Best reasons to choose USA over Portugal
Portugal’s residence-by-investment scheme has been marketed prolifically in South Africa in the last two years. It is similar to the U.S. EB-5 program in some ways; and if you choose to invest in “the arts” or in “research activities”, the minimum investment amount is slightly lower than the U.S program. But investors need to be cautious about the Portugal program and the economic environment they’re investing in.
Portugal’s economy is currently rated 47th in the world according to the IMF – compared to the U.S. which is the world’s number one economy. For perspective, South Africa’s economy is ranked at 39th place, eight rungs higher than Portugal. Ask yourself: would you invest in the arts or in research activities in South Africa?
Property is another investment option in Portugal, but again, you need to consider the economic climate, Portugal’s property market, and the risks of capital loss. With Brexit looming, who knows what will happen to the EU in the next 5 years – which is the minimum investment term in Portugal’s visa program. Geopolitical events could have a dramatic impact on any investment in the country, and particularly property. It may also affect freedom of travel within the EU, which is one of this program’s main selling points.

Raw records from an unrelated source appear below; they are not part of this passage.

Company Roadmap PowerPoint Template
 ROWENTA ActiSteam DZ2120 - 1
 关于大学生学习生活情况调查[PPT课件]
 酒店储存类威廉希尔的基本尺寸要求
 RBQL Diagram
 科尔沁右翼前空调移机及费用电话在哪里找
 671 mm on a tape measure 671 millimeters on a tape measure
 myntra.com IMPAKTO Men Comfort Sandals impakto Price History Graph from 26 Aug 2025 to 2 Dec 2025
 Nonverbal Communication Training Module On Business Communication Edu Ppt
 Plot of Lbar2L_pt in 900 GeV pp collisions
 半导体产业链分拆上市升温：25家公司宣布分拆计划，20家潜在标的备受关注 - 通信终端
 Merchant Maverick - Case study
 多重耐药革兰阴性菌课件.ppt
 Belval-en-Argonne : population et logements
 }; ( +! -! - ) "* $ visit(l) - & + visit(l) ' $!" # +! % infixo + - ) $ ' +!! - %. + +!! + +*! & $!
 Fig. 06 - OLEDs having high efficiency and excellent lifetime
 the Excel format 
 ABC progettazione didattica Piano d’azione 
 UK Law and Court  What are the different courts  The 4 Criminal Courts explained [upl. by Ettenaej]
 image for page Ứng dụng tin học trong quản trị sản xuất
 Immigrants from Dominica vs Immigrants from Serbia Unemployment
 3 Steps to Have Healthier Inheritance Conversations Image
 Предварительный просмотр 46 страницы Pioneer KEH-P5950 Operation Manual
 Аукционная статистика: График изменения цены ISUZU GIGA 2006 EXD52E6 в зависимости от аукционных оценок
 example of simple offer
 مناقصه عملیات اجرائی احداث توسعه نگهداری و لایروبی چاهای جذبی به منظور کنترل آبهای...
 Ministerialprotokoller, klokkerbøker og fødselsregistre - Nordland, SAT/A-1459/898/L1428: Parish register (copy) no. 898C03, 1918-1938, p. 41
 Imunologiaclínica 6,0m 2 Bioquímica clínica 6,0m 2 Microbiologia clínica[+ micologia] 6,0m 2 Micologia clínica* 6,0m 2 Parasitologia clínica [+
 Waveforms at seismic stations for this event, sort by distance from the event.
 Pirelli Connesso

Property assets can be risky
Some European programs are (wrongly) perceived as “less risky” by South Africans, because in many cases you invest directly in property. In other words, you buy and own real estate in the country you’re seeking to gain residency. This gives investors a (false) sense of security. While they are buying a physical asset, and buying a property is probably something they’ve probably done before, what investors aren’t always aware of is that the property markets in these countries are a lot more volatile than what they’re used to in South Africa. The Greek property market, for example, is down 45% since 2008. On top of this, there are ever-increasing property taxes levied. For example, in 2015, over 45,000 Greeks refused to accept the properties they inherited, due to the heavy taxes levied on properties.
LCR’s current EB-5 offering, the Surf Club Four Seasons Hotel and Residences, on the other hand, is highly collateralized debt investment in a prestigious and exclusive real estate development. You invest $500,000, which we anticipate should be returned to you after 5 years. You are then free to do what you like with your money, without the worry of having to sell a property, or pay property taxes. We believe this is a lower-risk, and certainly lower-hassle, option for investors who are looking to emigrate.
And of course, if you’re looking to make a life overseas rather than simply gain a second passport, America is the obvious choice. It offers many of the best schools and universities in the world, it’s an easy cultural fit for South Africans, you gain access to the world’s biggest economy, and the lifestyle is safe and secure compared to South Africa.